The brew shellenv command prints shell-specific export statements for $PATH, $MANPATH, $INFOPATH, and Homebrew's own prefix variables. Evaluating that output from the correct startup file lets each new shell use the active Homebrew installation without copying every generated directory by hand.

Apple Silicon macOS normally uses /opt/homebrew and zsh, while Intel macOS uses /usr/local and Linux or WSL uses /home/linuxbrew/.linuxbrew. Replace the prefix and shell name before editing the startup file when your Homebrew install uses a different combination.

Steps to configure Homebrew shell environment:

  1. Run the installed Homebrew binary directly to confirm the prefix.
    $ /opt/homebrew/bin/brew --prefix
    /opt/homebrew

    Use /usr/local/bin/brew on Intel macOS or /home/linuxbrew/.linuxbrew/bin/brew on Linux and WSL when that is the installed Homebrew binary.
    Related: How to find a Homebrew package prefix

  2. Print the shellenv output for zsh.
    $ /opt/homebrew/bin/brew shellenv zsh
    export HOMEBREW_PREFIX="/opt/homebrew";
    export HOMEBREW_CELLAR="/opt/homebrew/Cellar";
    export HOMEBREW_REPOSITORY="/opt/homebrew";
    fpath[1,0]="/opt/homebrew/share/zsh/site-functions";
    export FPATH;
    eval "$(/usr/bin/env PATH_HELPER_ROOT="/opt/homebrew" /usr/libexec/path_helper -s)"
    [ -z "${MANPATH-}" ] || export MANPATH=":${MANPATH#:}";
    export INFOPATH="/opt/homebrew/share/info:${INFOPATH:-}";

    Pass bash instead of zsh when Bash owns the startup file. For fish or pwsh, use the syntax printed by brew shellenv fish or brew shellenv pwsh instead of the zsh eval line.

  3. Open the zsh login profile.
    $ nano ~/.zprofile

    Use ~/.zshrc for zsh on Linux, ~/.bash_profile for Bash on macOS, or ~/.bashrc for Bash on Linux.

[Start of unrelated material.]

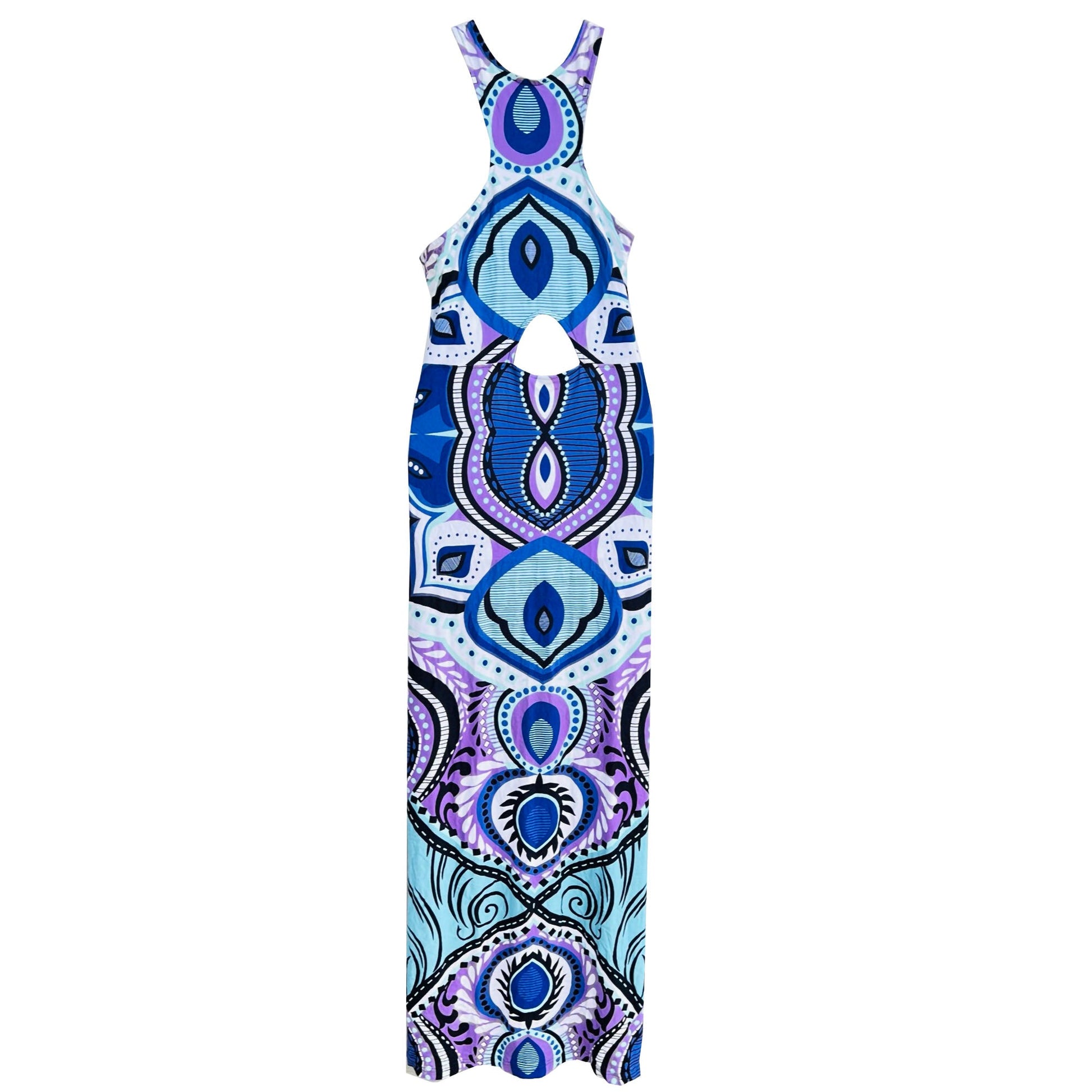 Venue-Sleeveless-Keyhole-Boho-Maxi-Dress_-Blue-Aqua-Purple-Lavender_-Size-Large_Back-view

  4. Add the Homebrew shellenv line near the top of the profile.
    ~/.zprofile
    eval "$(/opt/homebrew/bin/brew shellenv zsh)"

    Do not paste zsh syntax into a fish or pwsh startup file. Print brew shellenv fish or brew shellenv pwsh for that shell and use the syntax it returns.

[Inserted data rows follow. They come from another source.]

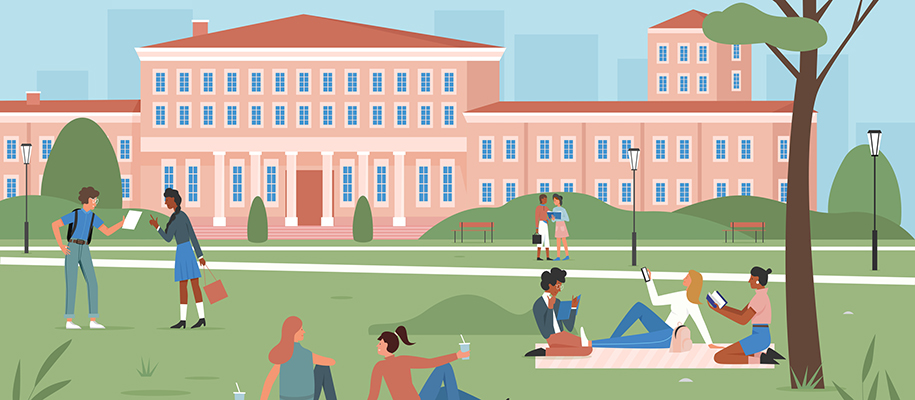 Colorful cartoon art of diverse students on college campus hanging out, talking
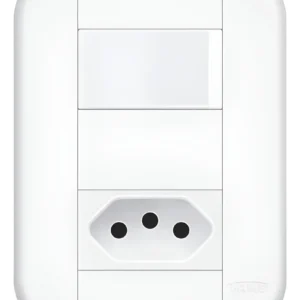Conjunto Interruptor Simples e Tomada 10A 3924 - Fame Blanc+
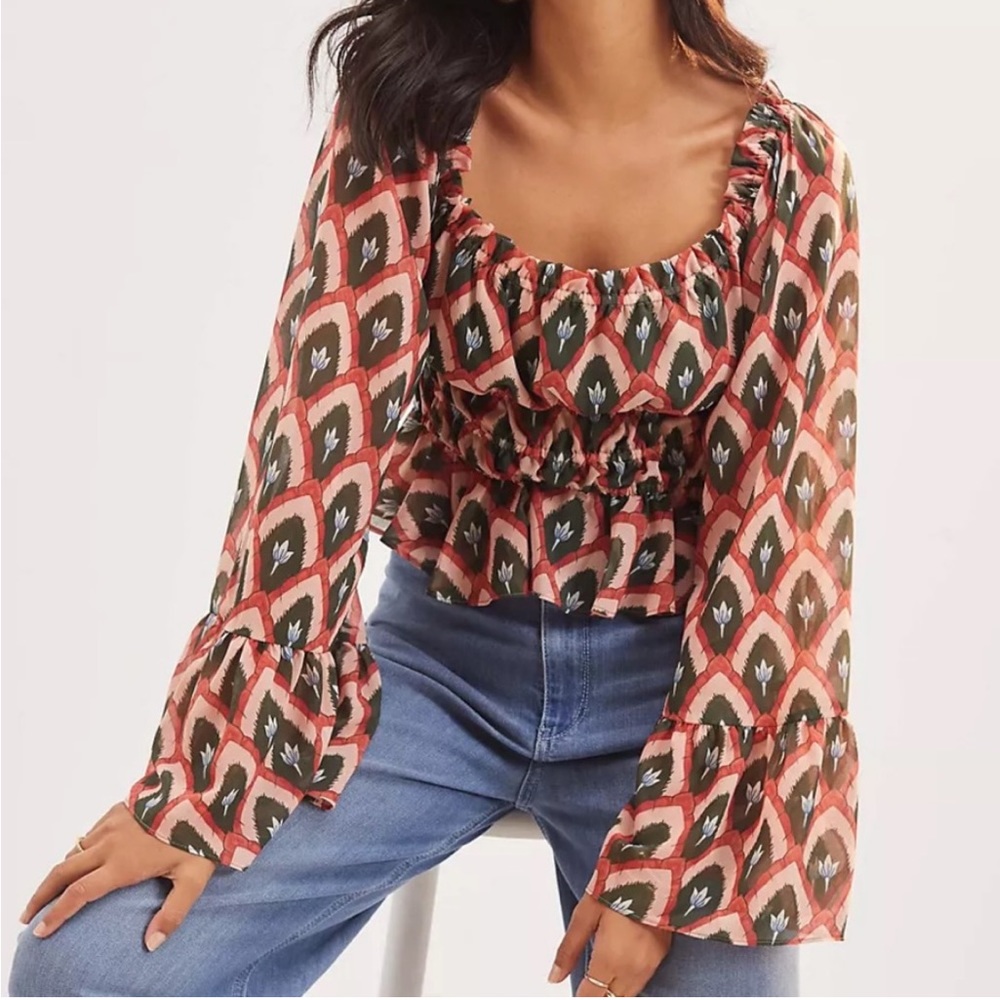 Anthropologie Hutch Smocked Puff-
Sleeve Blouse
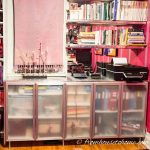 IKEA Cabinet Wall Unit With Frosted Glass Doors and Aluminum Flashing Countertop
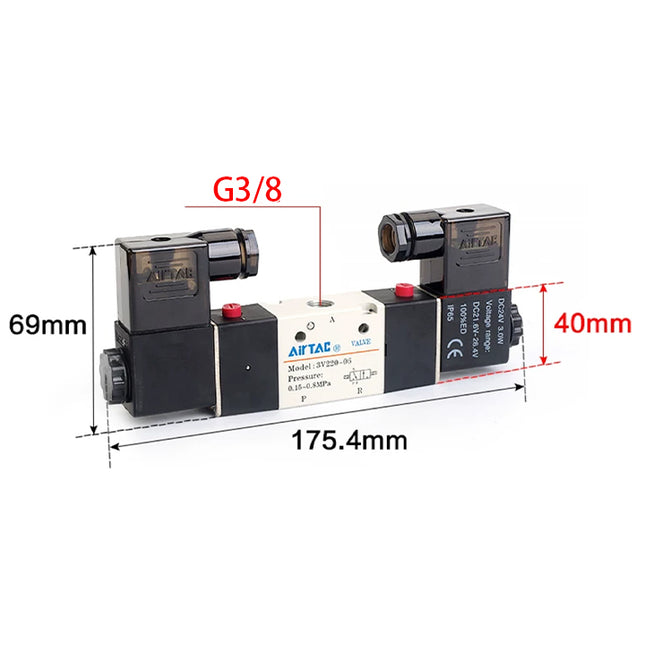 Airtac 3V320-10: Solenoid valve(3/2 way) - 3V32010AG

  5. Load the profile in the current shell.
    $ source ~/.zprofile

    Opening a new terminal window also loads the login profile on macOS.

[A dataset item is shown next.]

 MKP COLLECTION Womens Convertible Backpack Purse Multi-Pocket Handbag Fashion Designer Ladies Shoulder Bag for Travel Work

  6. Verify that brew resolves from the expected prefix.
    $ command -v brew
    /opt/homebrew/bin/brew
  7. Confirm Homebrew reports the same active prefix.
    $ brew --prefix
    /opt/homebrew

    If the output still points to another prefix, remove duplicate shellenv lines from older startup files and open a new login shell.